2. Improper Estate Plan -
a. There are many clients who have a Will that probably need a trust. There are also many clients that have a Trust and don’t probably need it. Start with a discussion as to the advantages of a Trust. If none of those interest the client, then a Will is sufficient. Here are some of the main advantages of a Trust:
i. Avoid Probate – As discussed above, probate avoidance alone may not be enough reason to set up a trust because there are ways to avoid probate without a trust. (Right of Survivorship, Payable on Death, Beneficiary Designations, etc.) However, if the client has real estate (time shares, oil leases, etc.) in other states, that is probably sufficient cause to have a trust. Otherwise, there will be multiple probates. Arizona Courts can only have jurisdiction over assets in Arizona.
ii. Provide two federal estate tax exemptions – for married couples with a net worth in excess of $5,000,000 a Trust is absolutely essential to guarantee the use of two federal exemptions. Remember, without proper planning, the exemption of the first decedent to die will be lost or wasted unless
the assets pass to a “Credit Shelter Trust”. (Review the Flowchart of an A/B Trust).
iii. Controlling beyond the Grave – there are many reasons why a client wants to implement some controls and restrictions on the inheritance passed to the children.
1. Minor children – implement a sub-trust that specifies the timing of certain powers. Typically, I like 3 “break points”, age 25, 30 and 35. Review the flowchart of a sub-Trust for the kids.
2. Handicapped Children – these kids will need a “Special Needs Trust” to make sure that the benefits they receive from the Trust do not disqualify them for any governmental assistance they are receiving.
3. Creditor protection – as discussed above, a Sub-Trust created by a parent for the benefit of his children cannot be penetrated by potential creditors. This is true even though the child has discretionary distribution powers as the Trustee to make distributions to himself.
iv. Providing for professional money management. Most children will need professional management of the assets that they inherit. If a child inherits several hundred thousand dollars or even several million dollars, it is difficult for them to go from a life style of paycheck to paycheck to a lifestyle of stocks, bonds, annuities, etc.
b. Not planning adequately for the size of their Estate – type of Trust needed:
i. There are three main types of Revocable Trusts. Continuation, Mandatory A/B, and Discretionary A/B. With larger estates there are also A/B/C Trusts and maybe even a D trust. As the federal exemption continues to increase, most clients can get by with a much simpler estate plan. For example, most clients who have a mandatory A/B Trust should consider amending it to a Discretionary A/B Trust which gives the surviving spouse a 9 month option to decide whether or not they want to split the trust. (using a Qualified Disclaimer).

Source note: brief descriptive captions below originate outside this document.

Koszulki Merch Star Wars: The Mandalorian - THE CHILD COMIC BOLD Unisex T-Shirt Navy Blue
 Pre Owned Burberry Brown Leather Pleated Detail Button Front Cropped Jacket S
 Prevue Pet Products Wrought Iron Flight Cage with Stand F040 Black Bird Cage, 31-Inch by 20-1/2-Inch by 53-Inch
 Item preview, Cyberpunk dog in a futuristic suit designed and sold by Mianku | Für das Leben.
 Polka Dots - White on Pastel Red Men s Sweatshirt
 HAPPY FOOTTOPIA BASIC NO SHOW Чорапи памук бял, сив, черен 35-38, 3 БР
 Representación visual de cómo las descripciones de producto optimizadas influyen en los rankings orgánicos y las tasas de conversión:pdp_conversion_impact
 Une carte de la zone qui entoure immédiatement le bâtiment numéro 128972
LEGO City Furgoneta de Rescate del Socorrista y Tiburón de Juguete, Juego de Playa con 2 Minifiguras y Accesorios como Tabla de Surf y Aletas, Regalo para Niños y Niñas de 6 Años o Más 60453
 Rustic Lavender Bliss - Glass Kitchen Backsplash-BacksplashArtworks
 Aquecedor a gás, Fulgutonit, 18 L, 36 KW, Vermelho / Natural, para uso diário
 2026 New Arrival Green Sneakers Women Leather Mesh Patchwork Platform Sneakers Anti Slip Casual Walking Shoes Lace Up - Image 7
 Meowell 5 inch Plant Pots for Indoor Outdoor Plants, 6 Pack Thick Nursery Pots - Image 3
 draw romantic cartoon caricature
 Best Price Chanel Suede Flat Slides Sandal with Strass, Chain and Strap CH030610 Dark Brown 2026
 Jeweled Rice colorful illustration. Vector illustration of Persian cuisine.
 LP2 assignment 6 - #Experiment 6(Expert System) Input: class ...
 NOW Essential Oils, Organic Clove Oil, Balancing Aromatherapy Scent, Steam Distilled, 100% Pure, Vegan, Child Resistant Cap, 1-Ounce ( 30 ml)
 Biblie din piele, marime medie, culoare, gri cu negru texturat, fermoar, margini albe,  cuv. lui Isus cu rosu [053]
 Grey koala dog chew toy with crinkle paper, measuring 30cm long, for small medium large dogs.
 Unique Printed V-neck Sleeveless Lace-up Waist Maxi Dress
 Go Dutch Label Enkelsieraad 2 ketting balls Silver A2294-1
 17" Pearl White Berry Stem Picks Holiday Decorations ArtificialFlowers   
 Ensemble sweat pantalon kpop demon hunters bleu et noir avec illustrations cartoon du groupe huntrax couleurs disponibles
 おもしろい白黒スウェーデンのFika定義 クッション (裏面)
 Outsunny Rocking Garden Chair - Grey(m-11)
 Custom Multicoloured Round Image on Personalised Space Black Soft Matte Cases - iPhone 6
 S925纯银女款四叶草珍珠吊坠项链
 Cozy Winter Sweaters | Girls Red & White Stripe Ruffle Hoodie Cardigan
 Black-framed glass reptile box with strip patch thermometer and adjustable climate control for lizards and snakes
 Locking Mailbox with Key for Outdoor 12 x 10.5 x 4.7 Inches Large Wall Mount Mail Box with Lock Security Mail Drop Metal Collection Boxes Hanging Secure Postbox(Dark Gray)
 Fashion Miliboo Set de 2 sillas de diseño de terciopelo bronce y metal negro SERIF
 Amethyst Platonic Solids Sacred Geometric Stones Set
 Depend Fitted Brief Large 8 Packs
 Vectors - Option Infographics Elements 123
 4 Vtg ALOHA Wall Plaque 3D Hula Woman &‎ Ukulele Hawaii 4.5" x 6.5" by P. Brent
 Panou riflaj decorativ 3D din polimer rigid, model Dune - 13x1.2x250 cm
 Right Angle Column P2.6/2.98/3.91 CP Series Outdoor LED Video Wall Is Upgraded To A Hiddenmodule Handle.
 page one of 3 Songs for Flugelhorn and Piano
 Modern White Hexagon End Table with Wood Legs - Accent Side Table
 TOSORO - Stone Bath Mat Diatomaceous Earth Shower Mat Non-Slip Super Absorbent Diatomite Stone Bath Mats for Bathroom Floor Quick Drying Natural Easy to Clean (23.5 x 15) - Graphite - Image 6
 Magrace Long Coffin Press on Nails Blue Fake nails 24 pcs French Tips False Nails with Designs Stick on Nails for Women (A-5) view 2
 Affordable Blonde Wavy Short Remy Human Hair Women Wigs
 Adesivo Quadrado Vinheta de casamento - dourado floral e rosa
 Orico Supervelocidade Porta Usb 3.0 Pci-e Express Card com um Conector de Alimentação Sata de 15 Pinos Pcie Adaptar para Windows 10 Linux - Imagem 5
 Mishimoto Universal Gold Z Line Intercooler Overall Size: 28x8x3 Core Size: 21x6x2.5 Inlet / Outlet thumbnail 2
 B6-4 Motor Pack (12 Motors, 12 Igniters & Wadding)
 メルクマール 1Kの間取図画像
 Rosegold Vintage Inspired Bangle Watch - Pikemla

ii. Using Generation Skipping Planning – Most clients don’t understand that “generation skipping” does not mean that they are skipping the kids out of an inheritance. What it means is that the client has the ability to skip the IRS out of a Generation worth of estate taxes. Generation skipping not only applies to the client planning for his children, but also don’t overlook possible inheritances that may be coming from the parents of your clients.iii. Integration of the IRA into the estate plan - most clients, and many advisors, don’t understand the IRA distribution rules sufficiently to make an informed decision as to who should be the beneficiary of the IRA. (should it be the Trust, the spouse, the children, etc. ) Although this issue is not as critical as it once was because of the increase in the exemption, it is still a critical issue for anyone who has an IRA in excess of $500k. Generally, I prefer to keep the IRA out of the Trust and name the spouse as the primary beneficiary and the kids as the contingent beneficiaries. But, there are several main exceptions to this general rule. The primary exception would be in situations where there are children of a prior marriage. In this case, you may want to consider naming a QTIP Trust as the primary beneficiary. This is an entire topic in and of itself. Anytime the client has an IRA that is over $500k, careful planning and consideration should be given to the beneficiary designation.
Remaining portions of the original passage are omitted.